Assistant Governor Kent said, since last May, required household mortgage payments had risen from about 7 per cent of household disposable income to almost 10 per cent, which is above estimates of the peak reached in 2008 when the cash rate was 7¼ per cent.
And for those households with a large mortgage, required payments are a much higher share of their income.
“Many borrowers have had to cut back on spending to meet higher mortgage payments, while also feeling the pain of rapidly rising living costs,” Assistant Governor Kent said.
He said the RBA predicts that with a cash rate at 4.1 per cent, household spending would decline by between 0.4 per cent and 0.8 per cent a year.
He said it was also putting pressure on retailers to cut their prices.
“The effect of slower demand growth on inflation is now building,” he said.
“For example, we are hearing in liaison that a range of retailers are discounting prices in the face of weak consumer spending.”
Assistant Governor Kent said there were a number of ways in which higher interest rates reduced demand throughout the overall economy.
He said the main way was through the cash flow channel which reduced household income for borrowers.
However, with its prevalence of variable-rate mortgages and short fixed-rate terms, the Australian economy is a lot more responsive to higher interest rates that force them to pay more on their debt.
Other ways higher interest rates lower demand also come from the intertemporal substitution channel, the asset-price channel, the credit channel and the exchange rate channel.
According to Assistant Governor Kent, for households, higher interest rates provide an incentive to save more today and postpone consumption and dwelling investment until another time.
He said higher interest rates also tend to make lending more risky, especially to lower net-worth borrowers.
Another way higher interest rates reduce demand is because higher interest rates increase the value of the Australian dollar relative to other countries.

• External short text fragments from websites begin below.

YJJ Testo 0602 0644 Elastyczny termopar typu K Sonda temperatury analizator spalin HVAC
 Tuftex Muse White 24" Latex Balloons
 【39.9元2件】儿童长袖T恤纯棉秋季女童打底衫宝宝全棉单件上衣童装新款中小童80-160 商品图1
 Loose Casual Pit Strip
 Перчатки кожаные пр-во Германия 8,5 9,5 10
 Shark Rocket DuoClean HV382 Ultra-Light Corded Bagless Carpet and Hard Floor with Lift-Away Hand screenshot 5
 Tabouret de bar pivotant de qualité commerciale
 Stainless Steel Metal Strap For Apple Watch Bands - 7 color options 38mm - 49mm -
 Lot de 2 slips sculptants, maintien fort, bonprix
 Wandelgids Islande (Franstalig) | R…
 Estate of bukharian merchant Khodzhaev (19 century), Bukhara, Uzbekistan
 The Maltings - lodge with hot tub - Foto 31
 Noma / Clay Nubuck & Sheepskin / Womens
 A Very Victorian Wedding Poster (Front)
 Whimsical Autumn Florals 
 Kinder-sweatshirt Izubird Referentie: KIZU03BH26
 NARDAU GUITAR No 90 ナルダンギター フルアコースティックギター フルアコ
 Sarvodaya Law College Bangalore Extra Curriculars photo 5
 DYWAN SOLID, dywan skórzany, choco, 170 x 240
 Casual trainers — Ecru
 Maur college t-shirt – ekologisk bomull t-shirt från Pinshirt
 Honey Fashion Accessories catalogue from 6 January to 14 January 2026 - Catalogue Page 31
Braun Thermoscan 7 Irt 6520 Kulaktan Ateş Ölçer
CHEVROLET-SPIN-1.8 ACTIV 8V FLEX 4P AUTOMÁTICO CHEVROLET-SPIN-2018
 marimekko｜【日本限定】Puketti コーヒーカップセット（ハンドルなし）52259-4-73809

He said this time around that has happened because other countries have also been raising rates aggressively.
Assistant Governor Kent said in Australia the cash-flow channel will continue to be the main lever for the RBA, and there might be more work to be done.
“The Board is paying close attention to economic developments here and overseas, and some further tightening of monetary policy may be required to ensure that inflation, which is still too high, returns to target in a reasonable timeframe,” he said.